A lei
é, em teoria, absoluta, genérica, impositiva. Cabe aos seus aplicadores a
interpretação, fiscalização e julgamento, com o objetivo de se efetivar a
justiça. Apesar de tudo isso, a lei não resolve os problemas de maneira
profunda e permanente. Ela simplesmente dá ordem para a sociedade e o
comportamento das pessoas momentaneamente. Ela rege a administração pública, as
ações do cidadão comum, dos militares, empresários, jogadores de futebol; ela
rege o casamento, a compra e venda, o aluguel; tutela a vida, a liberdade, o
patrimônio, dentre infinitas coisas mais. Entretanto, neste infinito de
possibilidades, o mais importante ela não consegue influenciar: o animus humano.
Ao meu ver, a paralisação da Polícia
Militar do estado do Espírito Santo demonstra bem isso. Enquanto a corporação
patrulhava normalmente as ruas da unidade federativa, pessoas transitavam,
entravam em lojas, compravam seus acessórios. Após os policiais entrarem em
greve, estes mesmos cidadãos começaram então a praticar crimes, como se em seus
interiores sempre houvesse uma alma corrompida.
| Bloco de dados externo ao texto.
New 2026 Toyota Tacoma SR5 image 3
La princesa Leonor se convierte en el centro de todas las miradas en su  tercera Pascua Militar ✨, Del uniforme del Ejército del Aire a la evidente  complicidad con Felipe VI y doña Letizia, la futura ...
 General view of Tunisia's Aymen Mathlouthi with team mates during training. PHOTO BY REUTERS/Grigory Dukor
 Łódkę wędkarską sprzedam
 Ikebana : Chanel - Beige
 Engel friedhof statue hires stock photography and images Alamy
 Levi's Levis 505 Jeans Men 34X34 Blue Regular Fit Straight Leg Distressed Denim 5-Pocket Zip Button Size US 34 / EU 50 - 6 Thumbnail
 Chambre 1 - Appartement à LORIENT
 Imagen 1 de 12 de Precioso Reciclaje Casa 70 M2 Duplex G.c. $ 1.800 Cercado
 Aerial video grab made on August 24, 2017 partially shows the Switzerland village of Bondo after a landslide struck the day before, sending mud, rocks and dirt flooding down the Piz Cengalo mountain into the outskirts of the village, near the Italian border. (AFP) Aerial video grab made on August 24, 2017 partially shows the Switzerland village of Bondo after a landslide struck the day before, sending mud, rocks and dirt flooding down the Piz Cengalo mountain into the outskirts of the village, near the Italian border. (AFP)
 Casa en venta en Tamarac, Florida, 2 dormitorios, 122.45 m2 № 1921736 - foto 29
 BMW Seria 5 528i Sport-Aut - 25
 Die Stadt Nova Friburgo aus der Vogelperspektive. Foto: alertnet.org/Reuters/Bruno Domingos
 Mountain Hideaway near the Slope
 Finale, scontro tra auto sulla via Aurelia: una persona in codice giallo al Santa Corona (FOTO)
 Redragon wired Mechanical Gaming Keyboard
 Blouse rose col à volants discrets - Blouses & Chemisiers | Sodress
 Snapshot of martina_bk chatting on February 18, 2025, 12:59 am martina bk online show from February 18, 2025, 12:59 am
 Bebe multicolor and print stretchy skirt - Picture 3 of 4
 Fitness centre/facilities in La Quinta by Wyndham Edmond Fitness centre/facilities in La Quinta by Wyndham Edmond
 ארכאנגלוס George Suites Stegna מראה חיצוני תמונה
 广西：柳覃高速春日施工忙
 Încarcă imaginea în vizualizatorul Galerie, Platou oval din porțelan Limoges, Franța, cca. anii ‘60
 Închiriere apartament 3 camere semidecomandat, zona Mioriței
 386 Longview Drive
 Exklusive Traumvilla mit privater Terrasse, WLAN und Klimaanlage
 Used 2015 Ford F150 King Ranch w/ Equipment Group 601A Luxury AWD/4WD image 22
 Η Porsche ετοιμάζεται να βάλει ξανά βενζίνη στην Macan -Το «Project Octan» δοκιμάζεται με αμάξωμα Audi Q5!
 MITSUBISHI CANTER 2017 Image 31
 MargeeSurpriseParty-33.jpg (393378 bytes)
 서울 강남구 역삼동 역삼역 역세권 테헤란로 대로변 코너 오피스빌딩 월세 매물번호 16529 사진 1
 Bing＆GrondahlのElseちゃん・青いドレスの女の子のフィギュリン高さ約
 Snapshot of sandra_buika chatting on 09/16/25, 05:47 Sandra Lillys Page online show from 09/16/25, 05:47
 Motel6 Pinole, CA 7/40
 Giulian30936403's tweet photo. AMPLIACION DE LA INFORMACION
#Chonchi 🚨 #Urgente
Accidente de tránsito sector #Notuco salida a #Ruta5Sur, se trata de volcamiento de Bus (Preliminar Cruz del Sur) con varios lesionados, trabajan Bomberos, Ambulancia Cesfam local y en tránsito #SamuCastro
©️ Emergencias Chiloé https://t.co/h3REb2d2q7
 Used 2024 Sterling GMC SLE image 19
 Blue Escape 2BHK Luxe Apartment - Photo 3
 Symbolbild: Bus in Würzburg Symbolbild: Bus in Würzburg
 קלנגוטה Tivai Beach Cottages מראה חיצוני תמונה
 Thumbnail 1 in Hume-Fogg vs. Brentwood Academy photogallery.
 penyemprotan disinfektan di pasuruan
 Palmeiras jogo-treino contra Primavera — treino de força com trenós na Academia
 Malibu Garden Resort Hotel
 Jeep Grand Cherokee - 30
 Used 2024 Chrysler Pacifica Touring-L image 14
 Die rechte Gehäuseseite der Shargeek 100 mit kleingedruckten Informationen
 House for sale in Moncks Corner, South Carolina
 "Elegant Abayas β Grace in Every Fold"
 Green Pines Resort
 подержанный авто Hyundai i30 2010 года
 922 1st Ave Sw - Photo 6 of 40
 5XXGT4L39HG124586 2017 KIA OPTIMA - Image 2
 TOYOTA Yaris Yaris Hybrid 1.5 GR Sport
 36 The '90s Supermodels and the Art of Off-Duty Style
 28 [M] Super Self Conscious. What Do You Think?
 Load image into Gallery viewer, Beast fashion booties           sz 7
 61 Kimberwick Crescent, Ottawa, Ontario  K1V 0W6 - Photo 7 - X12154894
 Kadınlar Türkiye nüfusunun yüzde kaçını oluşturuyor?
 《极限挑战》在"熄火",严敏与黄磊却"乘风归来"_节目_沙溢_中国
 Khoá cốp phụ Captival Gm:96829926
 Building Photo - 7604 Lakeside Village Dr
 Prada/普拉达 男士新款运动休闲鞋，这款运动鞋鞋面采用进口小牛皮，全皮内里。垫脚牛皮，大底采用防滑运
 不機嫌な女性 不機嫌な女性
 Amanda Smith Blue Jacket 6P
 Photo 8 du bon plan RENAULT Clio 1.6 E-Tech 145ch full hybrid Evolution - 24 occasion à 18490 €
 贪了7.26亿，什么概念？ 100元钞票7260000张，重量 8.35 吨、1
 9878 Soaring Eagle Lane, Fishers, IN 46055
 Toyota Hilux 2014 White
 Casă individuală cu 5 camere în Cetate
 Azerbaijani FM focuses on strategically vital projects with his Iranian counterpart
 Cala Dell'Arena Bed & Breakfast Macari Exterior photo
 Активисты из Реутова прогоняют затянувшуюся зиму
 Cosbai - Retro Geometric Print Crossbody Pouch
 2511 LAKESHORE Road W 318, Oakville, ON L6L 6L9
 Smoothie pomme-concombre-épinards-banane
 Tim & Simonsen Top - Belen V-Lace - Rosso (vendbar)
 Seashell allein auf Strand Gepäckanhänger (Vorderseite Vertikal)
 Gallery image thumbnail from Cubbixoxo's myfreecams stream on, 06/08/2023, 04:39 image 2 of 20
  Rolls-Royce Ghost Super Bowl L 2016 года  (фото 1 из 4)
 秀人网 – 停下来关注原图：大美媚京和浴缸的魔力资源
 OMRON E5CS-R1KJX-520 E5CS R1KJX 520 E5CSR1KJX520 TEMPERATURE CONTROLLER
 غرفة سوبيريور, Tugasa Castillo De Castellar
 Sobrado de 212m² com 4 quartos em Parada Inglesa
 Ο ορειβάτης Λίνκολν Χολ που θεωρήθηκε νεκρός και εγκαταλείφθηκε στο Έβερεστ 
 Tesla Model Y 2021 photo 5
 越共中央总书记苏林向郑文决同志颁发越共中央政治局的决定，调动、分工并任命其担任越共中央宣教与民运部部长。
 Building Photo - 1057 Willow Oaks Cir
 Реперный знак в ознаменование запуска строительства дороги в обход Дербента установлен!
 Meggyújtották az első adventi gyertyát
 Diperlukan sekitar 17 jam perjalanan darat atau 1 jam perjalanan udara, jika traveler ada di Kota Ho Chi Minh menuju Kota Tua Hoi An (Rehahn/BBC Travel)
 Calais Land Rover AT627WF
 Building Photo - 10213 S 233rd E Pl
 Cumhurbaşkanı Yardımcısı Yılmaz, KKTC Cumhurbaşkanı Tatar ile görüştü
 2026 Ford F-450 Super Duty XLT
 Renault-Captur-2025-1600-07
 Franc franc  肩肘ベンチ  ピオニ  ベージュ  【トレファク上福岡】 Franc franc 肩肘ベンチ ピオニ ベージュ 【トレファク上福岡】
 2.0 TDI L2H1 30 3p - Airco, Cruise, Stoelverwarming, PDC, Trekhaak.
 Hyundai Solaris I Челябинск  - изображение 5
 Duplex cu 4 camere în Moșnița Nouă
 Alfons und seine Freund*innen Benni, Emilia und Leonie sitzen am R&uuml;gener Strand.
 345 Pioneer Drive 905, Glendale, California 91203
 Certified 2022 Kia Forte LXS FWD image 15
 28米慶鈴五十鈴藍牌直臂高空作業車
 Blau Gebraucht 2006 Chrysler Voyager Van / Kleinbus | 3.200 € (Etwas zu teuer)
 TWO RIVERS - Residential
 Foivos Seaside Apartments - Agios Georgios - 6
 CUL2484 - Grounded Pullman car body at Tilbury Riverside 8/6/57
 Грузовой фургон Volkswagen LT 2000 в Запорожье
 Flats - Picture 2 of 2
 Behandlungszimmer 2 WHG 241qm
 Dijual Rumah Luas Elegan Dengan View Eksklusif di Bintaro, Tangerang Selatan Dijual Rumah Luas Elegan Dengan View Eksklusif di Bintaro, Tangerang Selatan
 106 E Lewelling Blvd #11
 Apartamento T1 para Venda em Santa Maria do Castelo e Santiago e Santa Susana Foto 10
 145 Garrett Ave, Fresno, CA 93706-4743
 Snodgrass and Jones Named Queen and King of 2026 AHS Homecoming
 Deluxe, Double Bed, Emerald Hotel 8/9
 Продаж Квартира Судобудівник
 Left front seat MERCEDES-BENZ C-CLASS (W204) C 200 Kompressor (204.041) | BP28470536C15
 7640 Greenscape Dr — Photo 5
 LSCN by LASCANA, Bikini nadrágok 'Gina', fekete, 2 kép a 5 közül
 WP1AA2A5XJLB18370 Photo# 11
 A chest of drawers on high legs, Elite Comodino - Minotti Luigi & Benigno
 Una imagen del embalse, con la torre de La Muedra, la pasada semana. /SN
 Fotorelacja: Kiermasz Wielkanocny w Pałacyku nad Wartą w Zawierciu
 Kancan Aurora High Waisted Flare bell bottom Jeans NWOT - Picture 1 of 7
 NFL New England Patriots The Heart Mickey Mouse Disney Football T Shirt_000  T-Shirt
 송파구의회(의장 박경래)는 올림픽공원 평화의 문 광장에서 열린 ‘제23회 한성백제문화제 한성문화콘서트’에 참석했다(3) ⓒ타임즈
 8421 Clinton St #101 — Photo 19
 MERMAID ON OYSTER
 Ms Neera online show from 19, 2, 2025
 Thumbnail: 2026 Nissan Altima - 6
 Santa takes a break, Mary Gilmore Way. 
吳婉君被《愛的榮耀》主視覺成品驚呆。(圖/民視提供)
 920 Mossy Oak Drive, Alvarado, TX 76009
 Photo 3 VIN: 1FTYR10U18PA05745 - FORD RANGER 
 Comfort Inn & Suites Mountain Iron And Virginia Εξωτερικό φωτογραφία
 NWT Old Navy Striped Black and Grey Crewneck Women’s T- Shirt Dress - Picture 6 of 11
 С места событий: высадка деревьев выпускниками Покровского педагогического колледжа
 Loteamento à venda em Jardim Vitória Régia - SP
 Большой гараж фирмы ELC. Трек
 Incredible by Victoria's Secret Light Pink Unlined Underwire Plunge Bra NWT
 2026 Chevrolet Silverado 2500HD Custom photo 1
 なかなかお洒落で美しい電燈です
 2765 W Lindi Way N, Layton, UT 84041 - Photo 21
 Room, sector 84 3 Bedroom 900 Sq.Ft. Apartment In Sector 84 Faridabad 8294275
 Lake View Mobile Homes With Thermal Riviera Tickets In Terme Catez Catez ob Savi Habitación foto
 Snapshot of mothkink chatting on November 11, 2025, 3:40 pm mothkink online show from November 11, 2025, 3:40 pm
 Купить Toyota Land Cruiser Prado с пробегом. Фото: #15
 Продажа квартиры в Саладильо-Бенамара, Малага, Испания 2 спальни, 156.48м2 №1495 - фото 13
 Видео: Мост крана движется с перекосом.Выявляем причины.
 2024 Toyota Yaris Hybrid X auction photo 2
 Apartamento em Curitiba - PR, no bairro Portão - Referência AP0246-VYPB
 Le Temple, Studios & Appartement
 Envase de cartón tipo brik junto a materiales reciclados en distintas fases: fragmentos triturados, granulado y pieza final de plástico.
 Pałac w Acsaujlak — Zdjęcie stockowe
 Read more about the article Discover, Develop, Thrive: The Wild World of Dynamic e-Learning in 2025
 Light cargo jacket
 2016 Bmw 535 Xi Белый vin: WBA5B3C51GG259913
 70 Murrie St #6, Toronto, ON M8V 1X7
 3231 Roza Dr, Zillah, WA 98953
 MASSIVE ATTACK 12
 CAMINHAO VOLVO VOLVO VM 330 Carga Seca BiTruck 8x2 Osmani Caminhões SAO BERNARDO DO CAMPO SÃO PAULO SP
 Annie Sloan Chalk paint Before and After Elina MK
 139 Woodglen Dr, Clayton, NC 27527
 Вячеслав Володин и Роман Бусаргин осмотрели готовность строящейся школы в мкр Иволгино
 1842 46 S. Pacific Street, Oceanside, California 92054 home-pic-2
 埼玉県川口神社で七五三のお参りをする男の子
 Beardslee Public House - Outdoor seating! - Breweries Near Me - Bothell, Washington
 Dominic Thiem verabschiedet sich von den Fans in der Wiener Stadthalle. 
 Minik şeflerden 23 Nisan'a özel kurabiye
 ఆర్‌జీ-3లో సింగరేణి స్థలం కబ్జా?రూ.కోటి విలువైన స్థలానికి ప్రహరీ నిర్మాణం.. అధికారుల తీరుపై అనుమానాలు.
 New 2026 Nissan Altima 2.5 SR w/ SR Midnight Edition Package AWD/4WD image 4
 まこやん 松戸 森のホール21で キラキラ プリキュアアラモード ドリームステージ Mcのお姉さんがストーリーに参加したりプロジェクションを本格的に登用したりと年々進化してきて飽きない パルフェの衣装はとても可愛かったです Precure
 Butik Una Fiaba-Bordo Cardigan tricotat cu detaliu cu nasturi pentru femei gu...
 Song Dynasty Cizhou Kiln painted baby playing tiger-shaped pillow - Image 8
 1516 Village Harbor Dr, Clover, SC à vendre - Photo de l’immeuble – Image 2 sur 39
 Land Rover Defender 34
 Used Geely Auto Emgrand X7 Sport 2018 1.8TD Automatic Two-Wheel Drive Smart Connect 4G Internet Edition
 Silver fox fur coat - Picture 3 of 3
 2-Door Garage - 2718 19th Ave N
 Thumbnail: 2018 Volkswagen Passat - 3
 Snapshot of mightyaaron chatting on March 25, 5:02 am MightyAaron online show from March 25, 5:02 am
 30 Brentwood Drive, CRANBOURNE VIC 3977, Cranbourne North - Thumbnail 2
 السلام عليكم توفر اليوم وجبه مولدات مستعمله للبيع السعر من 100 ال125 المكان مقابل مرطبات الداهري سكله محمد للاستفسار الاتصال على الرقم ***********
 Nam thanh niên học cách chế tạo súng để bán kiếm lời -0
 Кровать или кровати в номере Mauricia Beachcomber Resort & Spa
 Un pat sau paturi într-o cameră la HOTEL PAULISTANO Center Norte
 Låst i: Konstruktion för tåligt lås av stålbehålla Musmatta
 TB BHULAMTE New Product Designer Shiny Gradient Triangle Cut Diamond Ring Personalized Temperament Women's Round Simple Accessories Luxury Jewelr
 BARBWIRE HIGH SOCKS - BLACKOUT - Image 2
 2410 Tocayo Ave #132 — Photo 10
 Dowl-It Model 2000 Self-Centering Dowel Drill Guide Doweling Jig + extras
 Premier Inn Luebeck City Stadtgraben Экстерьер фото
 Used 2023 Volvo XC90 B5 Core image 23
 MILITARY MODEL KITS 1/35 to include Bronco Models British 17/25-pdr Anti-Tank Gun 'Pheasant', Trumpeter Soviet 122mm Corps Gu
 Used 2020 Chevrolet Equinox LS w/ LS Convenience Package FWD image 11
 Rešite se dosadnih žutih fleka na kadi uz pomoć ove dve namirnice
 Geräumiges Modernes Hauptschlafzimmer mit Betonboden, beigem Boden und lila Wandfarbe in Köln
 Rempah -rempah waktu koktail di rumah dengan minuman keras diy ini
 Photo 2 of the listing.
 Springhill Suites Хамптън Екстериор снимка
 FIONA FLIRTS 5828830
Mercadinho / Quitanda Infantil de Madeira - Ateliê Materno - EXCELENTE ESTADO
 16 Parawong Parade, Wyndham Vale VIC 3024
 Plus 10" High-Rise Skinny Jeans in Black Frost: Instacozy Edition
O que quero dizer com isso? Quero dizer
que dentro daquelas pessoas o espírito delituoso sempre existiu, mas por causa
dos agentes da lei fiscalizando e protegendo o patrimônio alheio, estas pessoas
nada fizeram. E não há legislação no mundo que mude este cenário introspectivo
do indivíduo.
Uma outra hipótese que recai sobre
esse comportamento criminoso do antes cidadão comum pode ser a pior crise
econômica já registrada na história do Brasil. O cidadão comum, vendo que o
Estado o lesa por meio de impostos abusivos e que o Estado desfragmentou a
economia nacional com políticas de intervenção, não conseguiu controlar o
sentimento de ética e justiça.
Com
essa crise da segurança pública capixaba, percebe-se como as polícias no Brasil
estão sucateadas e seus agentes completamente desmoralizados e tratados com
descaso. Obviamente, a greve dos Policiais Militares do ES demonstra uma
situação nacional do caos das forças policiais.
Em
um estado endêmico de problemas internos e externos, a segurança pública do Rio
de Janeiro está muito pior do que a de qualquer outra do Brasil - e até mesmo
do mundo. Tanto a Polícia Militar quanto a Civil, no RJ, enfrentam perigos a
cada minuto. O tráfico carioca é severamente perigoso e traz, também, problemas
para o cidadão de bem e seus agentes protetores. Uma grande parcela da
população (engajada pelos ideais de esquerda) denigrem a imagem do policial e,
com isso, abre margem para que o bandido seja o grande prejudicado pela
violência gerada pelo próprio tráfico.
Um
ideal liberal que, com absoluta certeza, cessaria de maneira gradual e a médio
e longo prazo a violência no Brasil e o caos penitenciário e de segurança
pública, é a legalização das drogas e seu uso. Estabelecendo um controle
sanitário e securitário da venda, distribuição e uso de substâncias
entorpecentes, o Estado conseguiria abrir o mercado e participar da atividade
comercial de entorpecentes, tirando das mãos dos bandidos o poder econômico e
militar que possuem. Quem vendesse drogas seguindo às normas legislativas não
cometeria crime e, por consequência, não seria preso. A grande maioria das
penitenciárias brasileiras está lotada por conta da guerra ao tráfico. Se os
entorpecentes psicotrópicos fossem legalizados, quem gerisse esse mercado não
seria considerado criminoso.
Entretanto,
aqueles bandidos que cometeram demais crimes no exercício ainda não legalizado
de produção, distribuição e venda de drogas, deveriam ser punidos com rigor,
com o objetivo de manter uma paz social efetiva. Nenhuma lei de legalização de
drogas perdoaria os atos cruéis cometidos pelos atuais chefes desse mercado –
que não passam de homicidas buscando dinheiro.
O
Brasil necessita de uma sociedade civil engajada pela luta da liberdade
individual e da limitação do Estado, que resultaria numa atuação estatal de
excelência naquilo que o Estado e o governo devem realmente atuar. Com o
cidadão politizado, buscaríamos uma frente parlamentar eficaz e séria que
efetivasse os anseios mais desesperados da população.